However, several years of snowpack and climate challenges have led Iditarod officials to create a “restart” where the race now begins in Willow, Alaska, a small town over 72 miles north of Anchorage.

“Willow is an area where the climate has been fairly consistent and gives us more snow there,” St. George said, adding that the race’s official start time moved from 10:00 a.m. to 2:00 p.m. to help the sled dogs acclimate

“The nights are cooler and the days are warmer, especially this time of year. So that time change enabled the dogs to acclimate as they were running.”

To ensure the Iditarod trail has enough snowpack for safe sledding, St. George says Anchorage and Willow stockpile snow that is then trucked out along the path ahead of the race.

“It is totally snow recycling,” St. George said, noting that keeping the Alaskan ecosystem intact amid the race is a top priority for the Iditarod Trail Committee and the Iditarod Historic Trail Alliance.

“If we’re not going to walk our talk and take the lead on what’s relevant and important to this ecosystem that we are a part of, then we’re not going to survive,” he said.

St. George, who has worked with the Iditarod Trail Committee since 2004, explained how the effects of climate change have been evident throughout his career in Alaska.

“We seem to think of it as a slow process, but it’s not. It is very, very important to note that we have seen these kinds of changes, spikes in climate,” St.
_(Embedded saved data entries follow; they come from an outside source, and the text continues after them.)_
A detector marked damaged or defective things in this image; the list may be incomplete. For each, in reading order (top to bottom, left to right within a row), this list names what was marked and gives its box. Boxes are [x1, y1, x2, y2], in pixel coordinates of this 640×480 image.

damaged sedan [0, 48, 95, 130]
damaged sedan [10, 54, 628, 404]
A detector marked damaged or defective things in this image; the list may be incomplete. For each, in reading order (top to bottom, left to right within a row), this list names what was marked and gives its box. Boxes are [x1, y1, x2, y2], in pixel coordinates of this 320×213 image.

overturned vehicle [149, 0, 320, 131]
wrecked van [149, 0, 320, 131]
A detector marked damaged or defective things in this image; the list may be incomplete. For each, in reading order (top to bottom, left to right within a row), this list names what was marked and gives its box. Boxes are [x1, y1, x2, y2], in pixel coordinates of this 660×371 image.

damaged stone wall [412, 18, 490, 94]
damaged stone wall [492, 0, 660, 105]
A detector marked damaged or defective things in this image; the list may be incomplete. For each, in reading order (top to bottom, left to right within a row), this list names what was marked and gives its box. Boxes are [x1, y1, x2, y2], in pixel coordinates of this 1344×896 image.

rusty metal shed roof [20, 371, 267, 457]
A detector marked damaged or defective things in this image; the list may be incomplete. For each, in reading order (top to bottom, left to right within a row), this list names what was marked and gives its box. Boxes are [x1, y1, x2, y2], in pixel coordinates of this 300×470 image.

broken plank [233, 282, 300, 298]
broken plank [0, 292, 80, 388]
George said. “And that is the definition of climate change.”

This year’s Iditarod race ended in tragedy for three sled dogs, who all collapsed and died along the trail despite life-saving efforts by on-site veterinarians, according to race officials.
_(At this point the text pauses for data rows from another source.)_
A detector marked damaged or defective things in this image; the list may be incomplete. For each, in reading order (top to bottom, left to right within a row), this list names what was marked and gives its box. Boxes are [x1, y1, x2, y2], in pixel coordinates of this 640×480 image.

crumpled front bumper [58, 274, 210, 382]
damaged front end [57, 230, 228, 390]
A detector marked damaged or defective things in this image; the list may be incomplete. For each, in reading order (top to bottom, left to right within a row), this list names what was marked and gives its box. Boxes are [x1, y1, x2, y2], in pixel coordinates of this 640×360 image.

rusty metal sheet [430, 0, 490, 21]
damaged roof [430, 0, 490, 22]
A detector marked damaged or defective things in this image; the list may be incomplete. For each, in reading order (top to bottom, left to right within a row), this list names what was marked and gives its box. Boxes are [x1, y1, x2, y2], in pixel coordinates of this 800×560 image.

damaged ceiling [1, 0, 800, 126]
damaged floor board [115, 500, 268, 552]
Iditarod officials said initial necropsies have not provided causes of death for the dogs.

People for the Ethical Treatment of Animals (PETA) has repeatedly called for sled dog racing, and specifically the Iditarod race, to be stopped, calling the arduous 1,000-mile competition “animal abuse.”
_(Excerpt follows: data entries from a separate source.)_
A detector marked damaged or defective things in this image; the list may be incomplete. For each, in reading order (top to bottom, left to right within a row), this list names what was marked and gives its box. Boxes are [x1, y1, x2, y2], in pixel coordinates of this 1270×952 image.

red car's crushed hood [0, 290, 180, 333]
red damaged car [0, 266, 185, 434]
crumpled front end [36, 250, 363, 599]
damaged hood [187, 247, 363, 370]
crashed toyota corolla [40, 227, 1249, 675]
“A small portion of the Iditarod trail this year was actually expected to be bare because of a lack of snow,” Melanie Johnson, a senior campaign manager with PETA, claimed to ABC News. “But that didn’t prevent mushers from dangerously forcing dogs to race on it.”

Johnson hopes that the effects of climate change are considered in sled dogs’ welfare, saying, “The climate catastrophe has made dogsledding in some areas more difficult or even impossible. The dogs who are forced to spend their lives on the end of a chain and run until their bodies break down can’t wait any longer.”

From the 1,000-mile trek through the Alaskan wilderness to McCready’s dogsled tour through the Canadian forests, rising temperatures are threatening the future of a centuries-old practice, something McCready believes is a “huge part of our history.”

“We don’t need to dog sled, we don’t need to ride horses, but just because these things that were such a huge part of our history aren’t needed, it doesn’t mean that they’re not still incredible experiences,” McCready said. “You can’t be around dogsledding and not see how much everyone absolutely just lives to do it — dogs and people.”

For McCready, the impact of climate change on professional dogsledding races is disheartening and she urges people to experience it while they have the chance.

“You know, with climate change, who knows how much longer these events will be able to keep going,” McCready said. “So, if it’s on your list, don’t put it off.”